The great northern coast of Russia is inside the Arctic Circle, and the shoreline is hundreds of miles from civilisation almost the whole way along. Lighthouses were required for the coast, because it's a handy passage but it spends a hundred days of the year in near-permanent night. The problems were that they'd be miles from anywhere, and couldn't realistically be supplied or crewed.
So the Russians erected autonomous nuclear-powered lighthouses. Which worked great, until the collapse of the Soviet Union. In fact, they probably would have been fine after that, if people hadn't looted them for copper and anything else that looked like it wasn't nailed down too hard. Including, apparently, reactor shielding. So many of these great polar nuclear lighthouses are now radioactive deadzones.

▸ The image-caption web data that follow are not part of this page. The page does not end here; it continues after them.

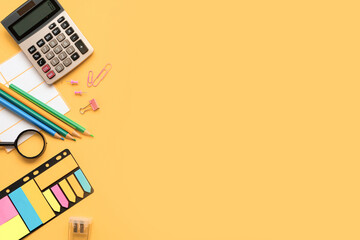 A Vibrant Collection of Colorful Office Supplies Displayed on a Bright Yellow Background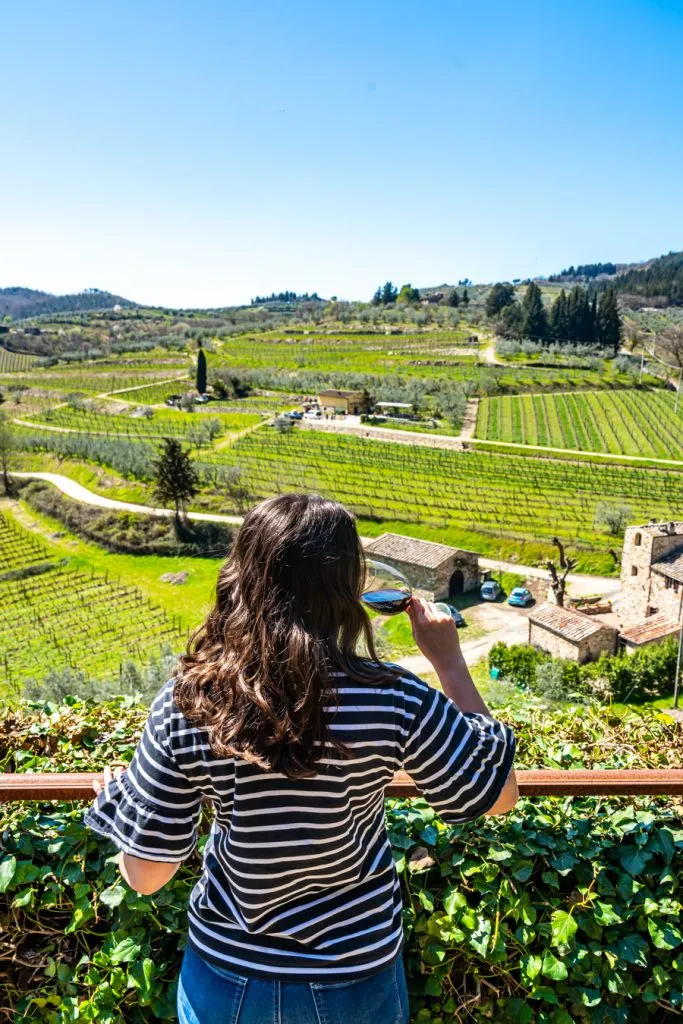 Kate Storm enjoying wine while overlooking Tuscany's vineyards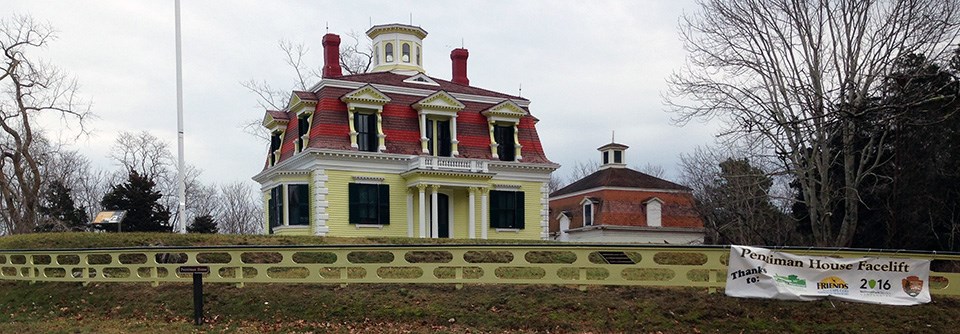 A bright yellow house with white trim sits a top a grassy hill surrounded by trees. There is an ornate wooden fence in the same colors surrounding the house.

This concept brought me so much joy, for an hour after reading this, I was in a multi-hour meeting with my lawyer and my lobbyist, and every time someone said something... horrible... I went to my happy place: Soviet Nuclear Lighthouse Dead Zones. For example: "You're completely fucked!", they might say. "Mmmmm... Soviet Nuclear Lighthouse Dead Zones," I might think. "That's so wonderfully grim-meathooky! Wow! Oh wait, what were you saying?"
It got me through the day. Thanks, Warren.
You have a lobbyist? Just against the city, Sacremento or all the way to DC?
No no, to the UN. At least until they give him a seat in the General Assembly.
I very specifically do not want a man whose happy place involves nuclear dead zones to have a lobbyist.
Ah; lighten up.. "See it from the bright side," (or whatever..)
I think that may be a large part of why he needs a lobbyist.
I can think of no one who should have a lobbyist more.
It gets even better at http://en.wikipedia.org/wiki/Radioisotope_thermoelectric_generator
and, "some of these lighthouses cannot be found because of poor record keeping"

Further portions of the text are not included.